References Github repo. Shot MultiBox Detector Implementation in Pytorch. Available at https://github.com/qfgaohao/pytorch-ssd ONNX tutorial. Visualizing an ONNX Model.
Available at https://github.com/onnx/tutorials/blob/master/tutorials/VisualizingAModel.md ONNX tutorial. Inferencing SSD ONNX model using ONNX Runtime Server.
Available at https://github.com/onnx/tutorials/blob/master/tutorials/OnnxRuntimeServerSSDModel.ipynb Google. Open Images Dataset V5 + Extensions.
Available at https://storage.googleapis.com/openimages/web/index.html The PASCAL Visual Object Classes Challenge 2007.
Available at http://host.robots.ox.ac.uk/pascal/VOC/voc2007/
Problem 2 ML Cloud Platforms
In this question you will analyze different ML cloud platforms and compare their service offerings.
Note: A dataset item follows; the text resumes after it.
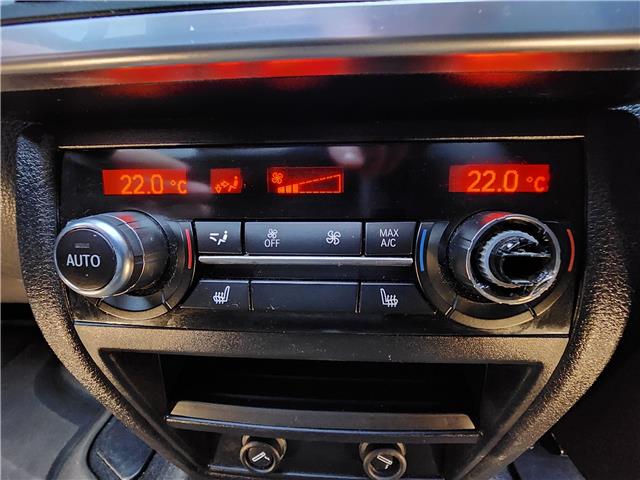 2016 BMW X5 xDrive35i in Charlottetown - Image 10 of 10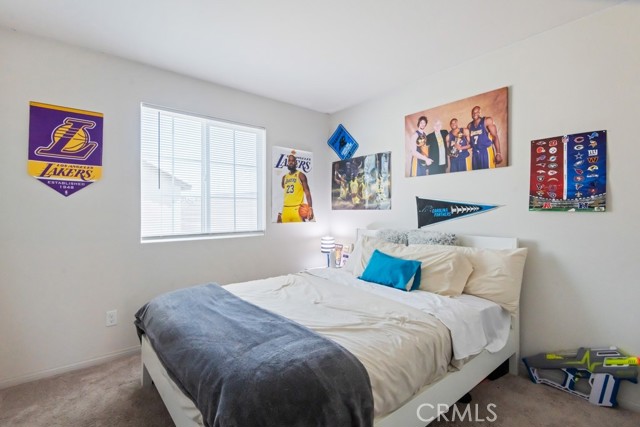 Detail Gallery Image 16 of 26 For 1759 Gooseberry Ln, San Jacinto,  CA 92583 - 4 Beds | 2/1 Baths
In particular, you will consider ML cloud offerings from IBM, Google, Microsoft, and Amazon and compare them on the basis of following criteria:
- Frameworks: DL framework(s) supported and their version. (4)
Here we are referring to machine learning platforms which have their own inbuilt images for different frameworks.
- Compute units: type(s) of compute units offered, i.e., GPU types. (2)
- Model lifecycle management: tools supported to manage ML model lifecycle. (2)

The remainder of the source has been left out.